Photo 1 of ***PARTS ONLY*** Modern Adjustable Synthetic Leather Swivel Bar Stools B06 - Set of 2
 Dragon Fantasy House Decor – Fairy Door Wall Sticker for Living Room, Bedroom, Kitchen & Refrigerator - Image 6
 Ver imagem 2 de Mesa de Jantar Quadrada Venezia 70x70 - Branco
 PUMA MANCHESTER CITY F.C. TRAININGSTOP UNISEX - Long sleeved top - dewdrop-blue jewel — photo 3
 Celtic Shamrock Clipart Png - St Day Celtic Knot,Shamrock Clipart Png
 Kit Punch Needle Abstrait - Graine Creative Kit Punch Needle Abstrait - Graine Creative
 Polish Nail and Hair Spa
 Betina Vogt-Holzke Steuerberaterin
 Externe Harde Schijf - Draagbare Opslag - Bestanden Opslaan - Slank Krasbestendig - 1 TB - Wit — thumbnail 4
::::
> [ABOUT THIS EXERCISE] Output an exact copy of the lines from the one holding "Betina Vogt-Holzke Steuerberaterin" to the last line of the data, inclusive, and nothing beyond that range.

> [ANSWER TO THE PROBLEM]
 Betina Vogt-Holzke Steuerberaterin
 Externe Harde Schijf - Draagbare Opslag - Bestanden Opslaan - Slank Krasbestendig - 1 TB - Wit — thumbnail 4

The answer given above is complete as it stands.